するとそこへ、天幕の外からリック達の様子を見に、部隊に休息を取らせたゴリオンが現れる。不安の顔をしていたゴリオンだったが、リックの元気な様子を見て安心し、温かい笑みを浮かべるのだった。
「無事でよかったんだな。リックが爆発に巻き込まれたって聞いて、オラびっくりしただよ」
「俺もびっくりした。アングハルトがいなきゃ多分死んでた」
「閣下、お言葉は嬉しいですが冗談でも死んだなどと―――――」
「ちょっと待ってくださいまし。将軍、貴方今なんて仰いましたの?」
アングハルトの声を途中で遮ったのは、何かに気付いたようにはっとしているミュセイラだった。一体何だとリックが言いかけたが、真剣な顔をしたミュセイラに真っ直ぐ見つめられ、訳も分からないまま彼女の言葉に従って答えた。

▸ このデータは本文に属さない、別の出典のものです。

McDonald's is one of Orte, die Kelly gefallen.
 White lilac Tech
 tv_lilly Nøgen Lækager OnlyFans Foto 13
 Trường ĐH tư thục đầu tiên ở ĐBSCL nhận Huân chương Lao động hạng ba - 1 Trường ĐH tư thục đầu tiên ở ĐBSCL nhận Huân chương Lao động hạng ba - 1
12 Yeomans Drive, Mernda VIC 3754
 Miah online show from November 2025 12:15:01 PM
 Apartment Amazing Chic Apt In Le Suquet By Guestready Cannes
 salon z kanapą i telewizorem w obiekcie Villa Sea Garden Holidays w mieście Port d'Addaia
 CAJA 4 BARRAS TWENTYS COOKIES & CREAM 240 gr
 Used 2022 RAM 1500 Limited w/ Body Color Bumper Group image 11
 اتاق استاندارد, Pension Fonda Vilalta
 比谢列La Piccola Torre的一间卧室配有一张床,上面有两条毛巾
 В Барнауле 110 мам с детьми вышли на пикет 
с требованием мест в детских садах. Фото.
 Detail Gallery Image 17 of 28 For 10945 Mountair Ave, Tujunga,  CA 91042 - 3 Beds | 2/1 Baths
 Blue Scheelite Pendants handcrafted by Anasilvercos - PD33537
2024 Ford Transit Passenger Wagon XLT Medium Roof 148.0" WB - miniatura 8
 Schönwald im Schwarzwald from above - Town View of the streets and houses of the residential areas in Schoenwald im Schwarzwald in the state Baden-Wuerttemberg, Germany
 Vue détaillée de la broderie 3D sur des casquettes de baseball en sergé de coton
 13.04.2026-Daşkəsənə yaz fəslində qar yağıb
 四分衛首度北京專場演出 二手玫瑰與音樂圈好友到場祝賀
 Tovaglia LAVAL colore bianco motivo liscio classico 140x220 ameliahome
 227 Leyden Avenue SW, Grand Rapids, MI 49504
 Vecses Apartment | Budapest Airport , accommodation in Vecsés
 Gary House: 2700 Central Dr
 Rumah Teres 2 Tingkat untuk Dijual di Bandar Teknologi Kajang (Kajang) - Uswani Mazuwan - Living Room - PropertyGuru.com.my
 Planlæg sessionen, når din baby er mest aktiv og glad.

「アングハルトがいなかったら俺が死んでたって話だ。それが何だってんだよ」
「死んでた⋯⋯⋯! そうそれですわ! 何でもっと早く思い付かなかったんですの!」
この場の全員、意味が分からずが首を傾げている中で、ミュセイラは世紀の大発明を閃いたが如く燥いでいた。そして直ぐに考えを纏めた彼女は、リックに向けて元気いっぱいの笑みを浮かべながら、嬉々として口を開くのだった。
「将軍!! 貴方死ねばいいんですのよ!!」
「⋯⋯⋯⋯⋯⋯⋯⋯⋯なんで?」
自分の閃きにご機嫌な様子のミュセイラと対照的に、訳も分からず突然の死刑宣告を受けたリックの落ち込みようは、それはそれは同情したくなる程の可哀想なものであったという⋯⋯⋯。